Petition gathers support to Keep Westside Community Center

First seen in the Colorado Springs Indy

Ten years ago, while Colorado Springs was in an economic nosedive, the city transferred management of some of its community centers to local nonprofits. One of them, the Westside Community Center in Old Colorado City, will undergo another shift as manager Woodmen Valley Chapel’s steps back next year.

The community garden group at WCC is raising awareness of the change through an online “friendly” petition that hopes to gather community support to ensure the property remains a community center.

The petition has garnered over 1,300 signatures amid fear that the community center could be developed into “the next Ivywild [School],” the group says.
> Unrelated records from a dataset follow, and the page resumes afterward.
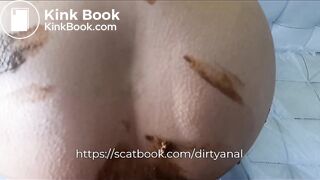 very very dirty anal with a lot of poop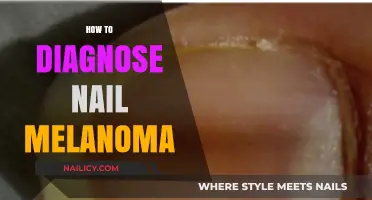 Identifying Nail Melanoma: Essential Steps for Early Diagnosis and Treatment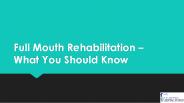 Full Mouth Rehabilitation – What You Should Know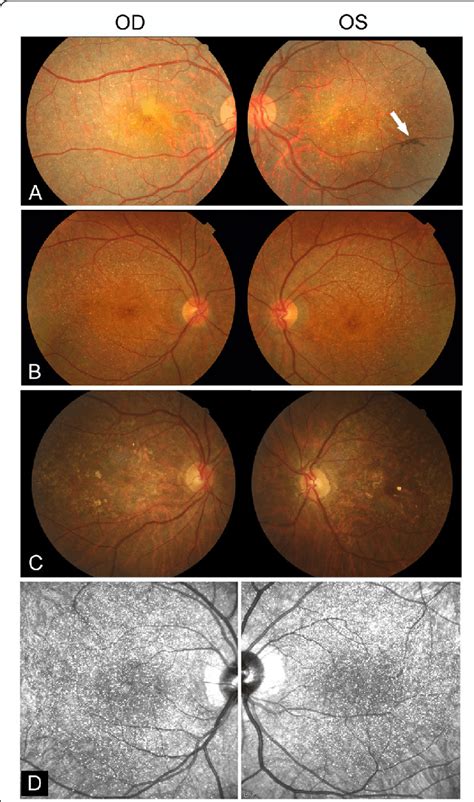 Color Fundus Photography And Infrared Images Of Three Patients With
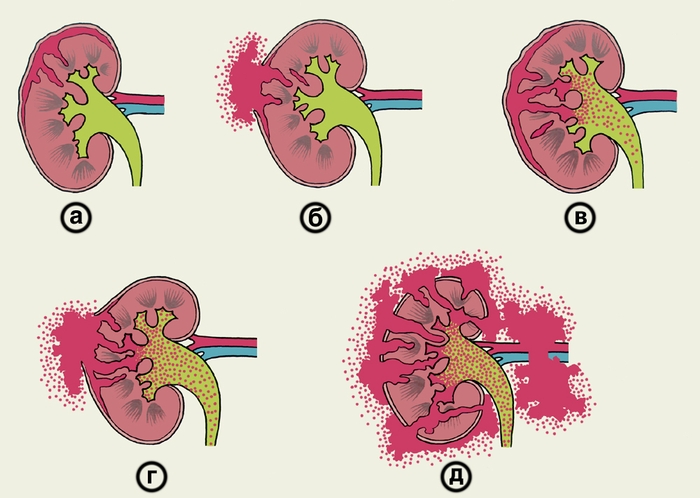 Рис. 9. Схематическое изображение разных видов закрытых повреждений почки: а и б — разрывы и гематомы, не проникающие в почечные чашечки и лоханку (а — без разрыва, б — с разрывом фиброзной капсулы); в и г — повреждения, проникающие в чашечки и лоханку (в — без разрыва фиброзной капсулы, г — с разрывом фиброзной капсулы); д — размозжение почки
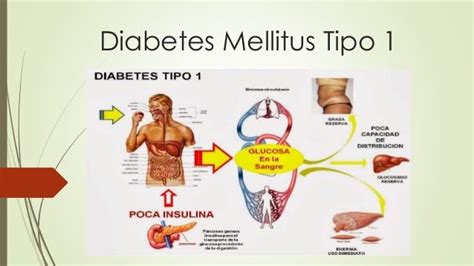 Diabetes Mellitus Tipo 1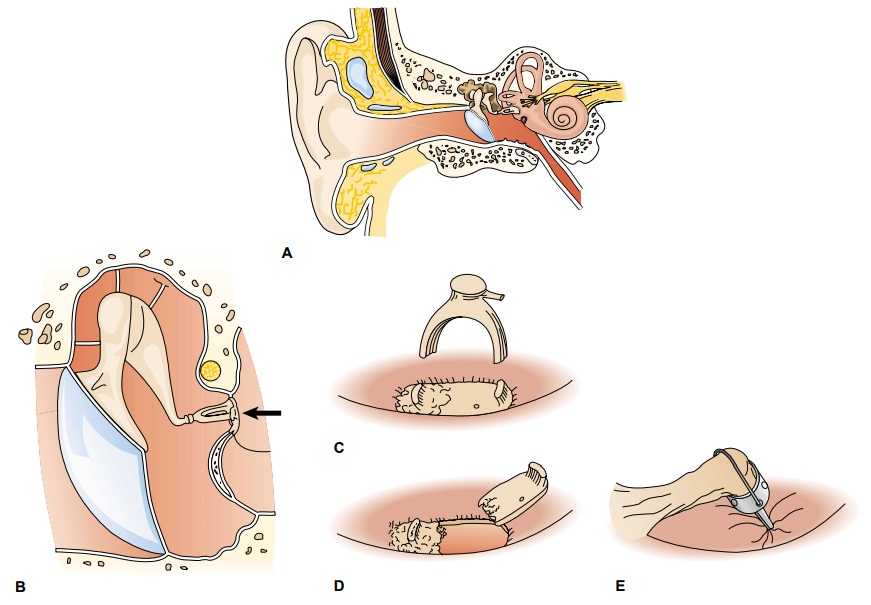 Conditions of the Middle Ear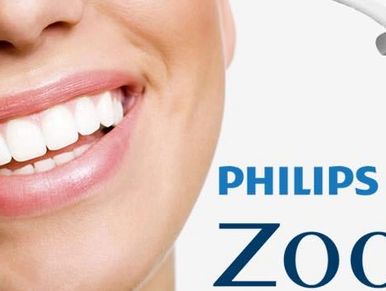 Image of the best professional teeth whitening Zoom 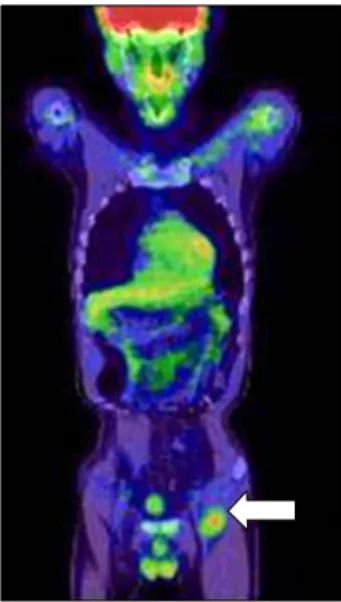 Fig.  3.  PET-CT  of  the  whole  body  showed  an  increase  in  FDG  uptake  in  the  left  inguinal  region  (arrow),  findings  suggestive  of  lymph  node  metastasis,  which  was  confirmed  with  biopsy.
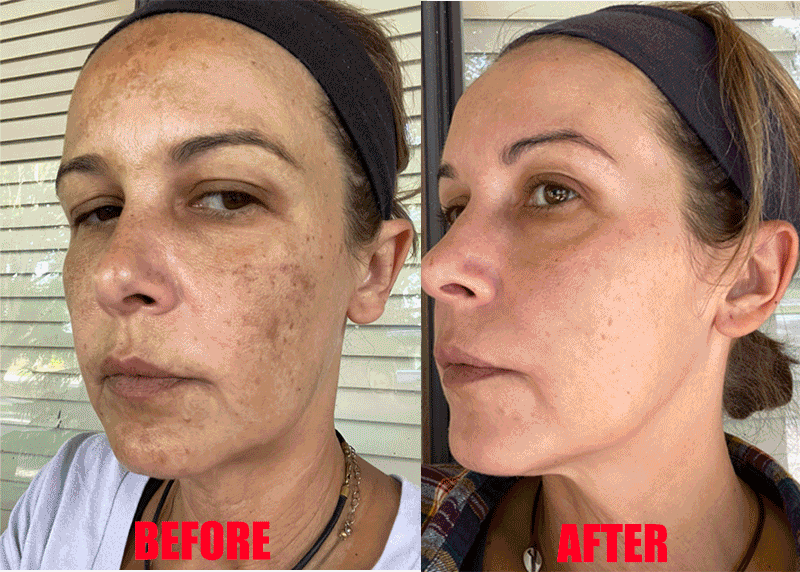 Crème visage éclaircissante – Taches, mélasma & anti-âge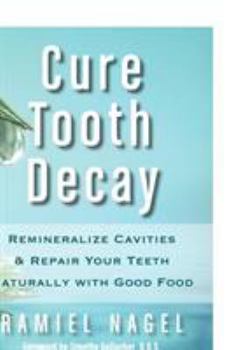 Paperback Cure Tooth Decay: Remineralize Cavities and Repair Your Teeth Naturally with Good Food Book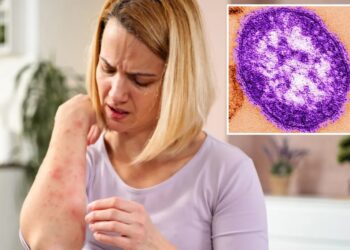Measles emerges in California wastewater as health experts sound alarm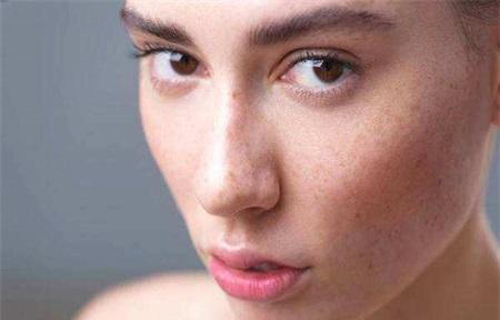 干性皮膚為什么容易長斑？色斑和皮膚干的聯系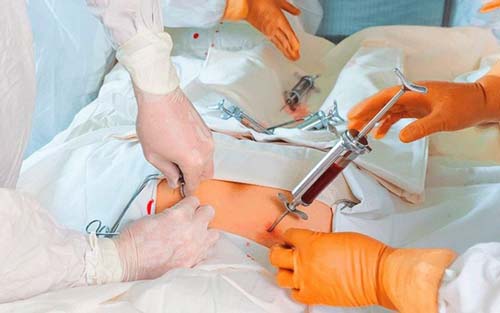 Pandemia reduz número de doações de órgãos, tecidos e medula no país; veja filas de espera em AL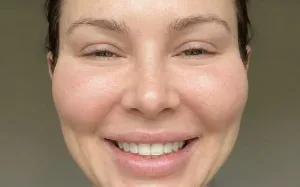 woman smiling excessive cheek filler pillow face effect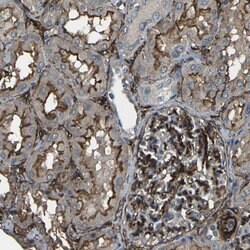 GRAMD1C Polyclonal Antibody:Antibodies, Polyclonal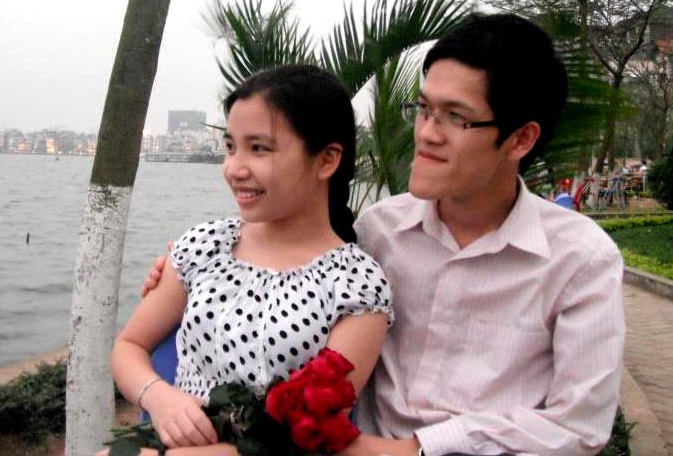 Khac biet truoc va sau phau thuat cua chang trai mom 14 nam hinh anh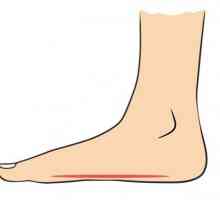 Uzdužni ravni stopalo 2 stupnja: dijagnoza, značajke liječenja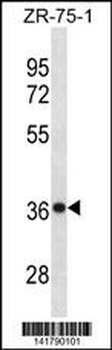 CHORDC1 Antibody (Center)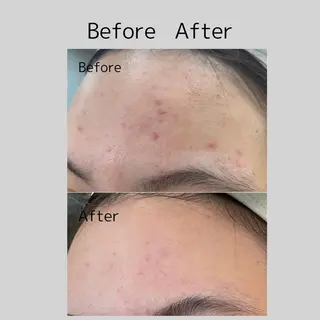 ナリスビューティサロンあべの所属・肌質改善/ツヤ肌作り /松本杏奈のエステ・リラクイメージ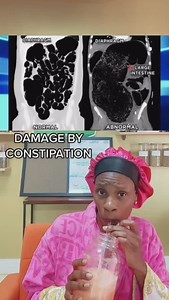 8.1K views · 91 comments | read  if your gut/colon is clogged, your...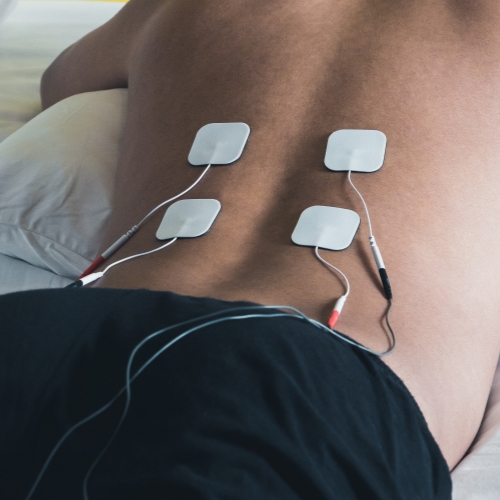 TENS-transcutaneous-electrical-nerve-stimulation-Retrieve-Physiotherapy-Mississauga-ON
The city’s contract with its current partner, Woodmen Valley Chapel’s Center for Strategic Ministry LLC, will expire within the year.

Supporters are for the “community center remaining a center,” says Richard Mee, who’s been living in the neighborhood for more than 17 years and has been a part of WCC’s community garden since it started.

Colorado Springs Parks, Recreation and Cultural Services has opened a request for information (RFI) through Sept. 15 — the first step in finding interested parties to operate and manage the center. Typically the city will then issue a formal request for proposals (RFP) from the interested parties.

If it does not receive a sufficient number of qualified RFIs, the city “reserves the right to pursue a competitive negotiation process or to consider an unsolicited proposal or piggyback opportunity without issuing a formal RFP … if it is in the best interest of the City.”

However, “[d]evelopment of the property is not being decided upon at this point,” Nicole Spindler, the procurement services manager with the city, wrote in an email to the Indy. If the city does not receive enough interest to the RFI, it “reserves the right to pursue a competitive negotiation process or to consider an unsolicited proposal or piggyback opportunity without issuing a formal RFP- if it is in the best interest of the City,” according to the RFI. 

“We’re not interested in dropping the keys at the curb and wishing the neighborhood well,” adds Stu Davis, the president of Woodmen Valley Chapel’s Center for Strategic Ministry LLC.

The nonprofit has extended its contract four times since its 2010 takeover of WCC in what was meant to be a stopgap measure for the city. Davis says that the nonprofit is committed to seeing its current contract through to the end unless another entity wants to take over sooner while ensuring a smooth transition. He says that there are organizations better equipped than a church to run a community center, which offers a depth of resources and activities — from language classes to pickle ball.

“I would be really surprised if the city had any interest in privatizing that investment,” Davis says. But members of the WCC garden group want to ensure privatization doesn’t happen.

Chennan Clubine, a registered nurse, got involved in WCC’s community gardening group last year. She’s enjoyed harvesting zucchini the size of her 6-month-old daughter, but more importantly, she sees the gardens and WCC as a place to build community — even in the midst of a pandemic.

“My gut feeling tells me that people want a place where they can come and they can belong and they can be accepted for who they are,” she says, “and a place to learn and a place to grow.”